On Wed, May 4, 2011 at 5:09 PM, Michel Lespinasse <walken@google.com> wrote:
>
> FYI, the attached code causes an infinite loop in kernels that have
> the 95042f9eb7 commit:

Mmm.

Yes. The atomic fault will never work, and the get_user_pages() thing
won't either, so things will just loop forever.

> Linus, I am not sure as to what would be the preferred way to fix
> this. One option could be to modify fault_in_user_writeable so that it
> passes a non-NULL page pointer, and just does a put_page on it
> afterwards. While this would work, this is kinda ugly and would slow
> down futex operations somewhat.

No, that's just ugly as hell.

> A more conservative alternative could
> be to enable the guard page special case under an new GUP flag, but
> this loses much of the elegance of your original proposal...

How about only doing that only for FOLL_MLOCK?

Also, looking at mm/mlock.c, why _do_ we call get_user_pages() even if
the vma isn't mlocked? That looks bogus. Since we have dropped the
mm_semaphore, an unlock may have happened, and afaik we should *not*
try to bring those pages back in at all.

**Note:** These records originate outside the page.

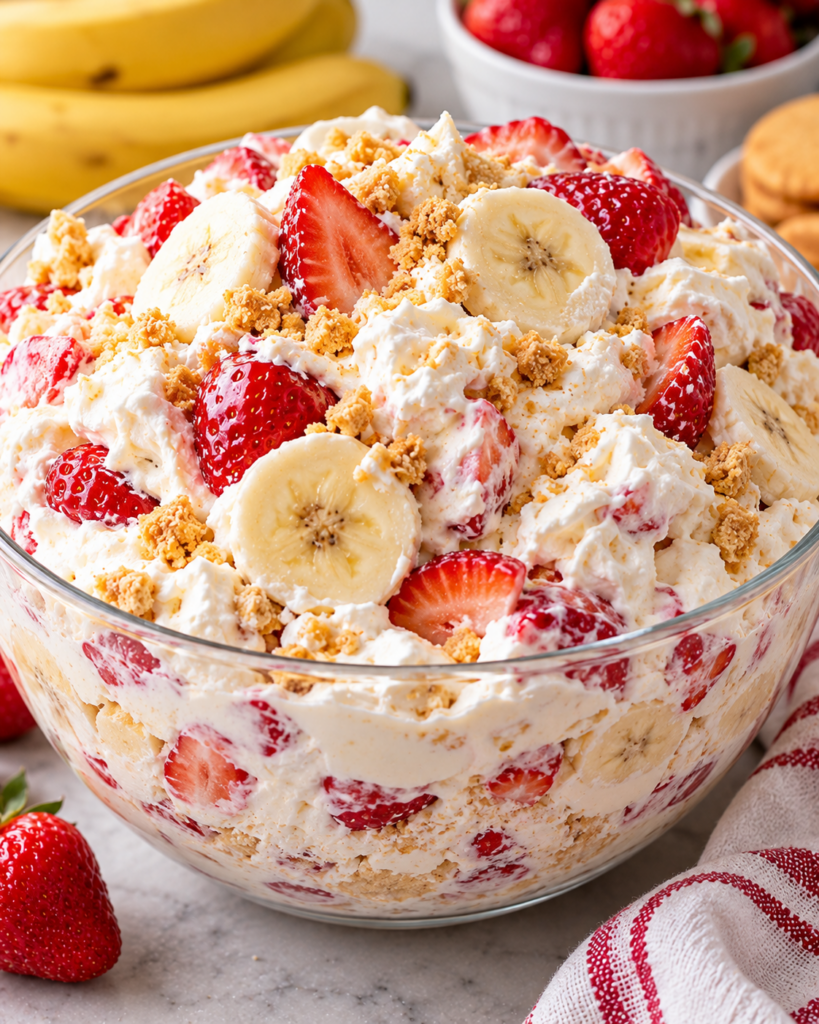 Strawberry Banana Cheesecake Salad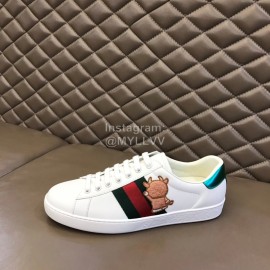 Gucci Cowhide Casual Lace Up Sneakers For Men And Women 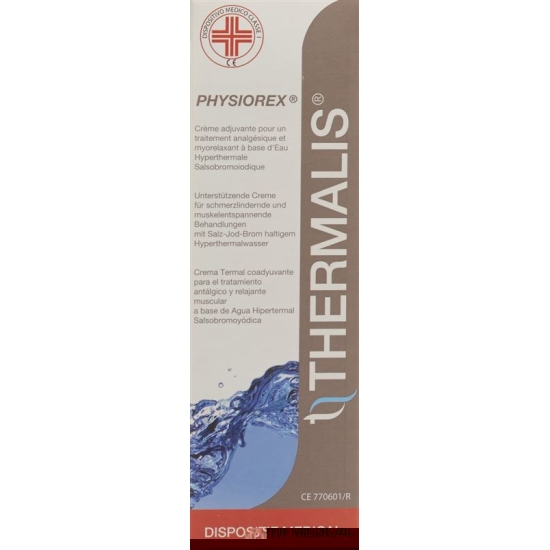 Thermalis Thermal Physiorex cream adjuvant ml for an analgesic treatment and muscle relaxation 100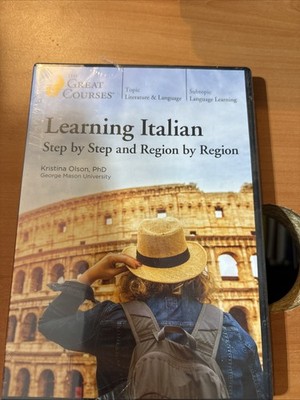 Learning Italian : Step by Step and Region by Region by Kristina Olson (2020,...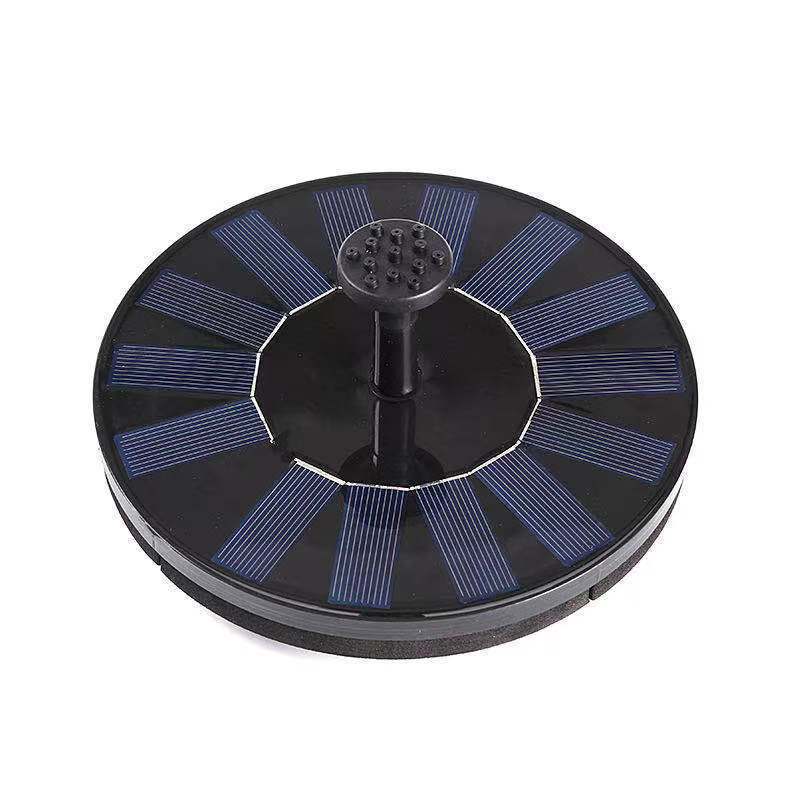 Solar Fish Pond Aerating Rockery Water Landscape Fountain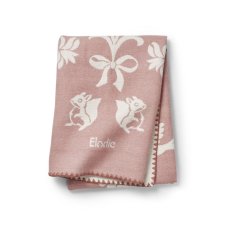 Jacquard Blanket Elodie Details - Mullberry Pink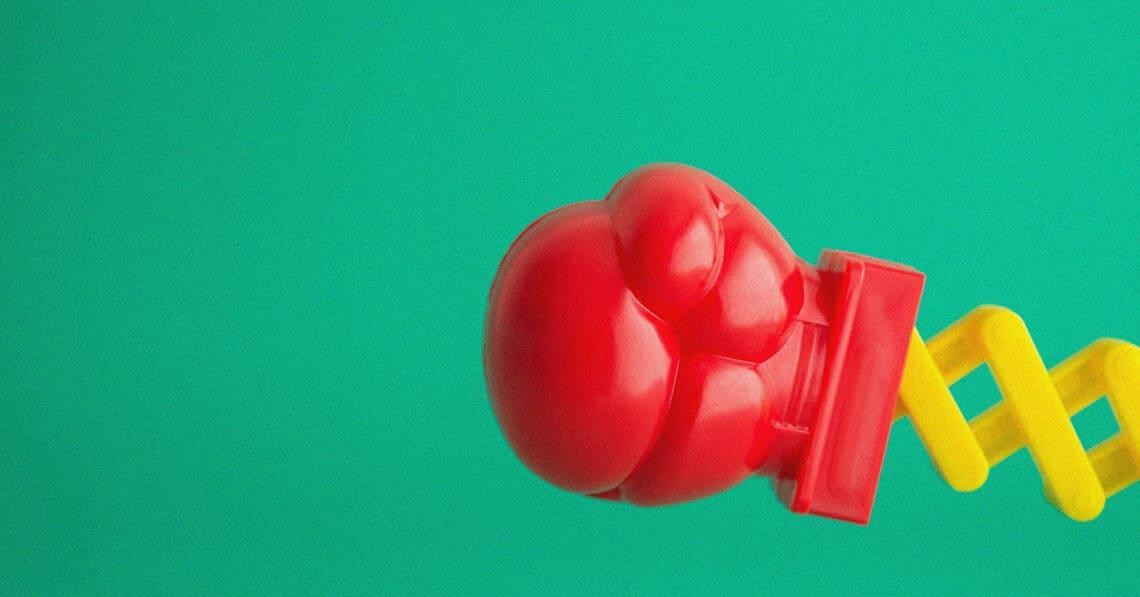 plastic punching toy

There's this whole comment
about that in the caller ("__mlock_vma_pages_range() double checks the
vma flags, so that it won't mlock pages if the vma was already
munlocked."), but despite that it would actually call
__get_user_pages() even if the VM_LOCKED bit had been cleared (it just
wouldn't call it with the FOLL_MLOCK flag).

So maybe something like the attached?

UNTESTED! And maybe there was some really subtle reason to still call
__get_user_pages() without that FOLL_MLOCK thing that I'm missing.

                           Linus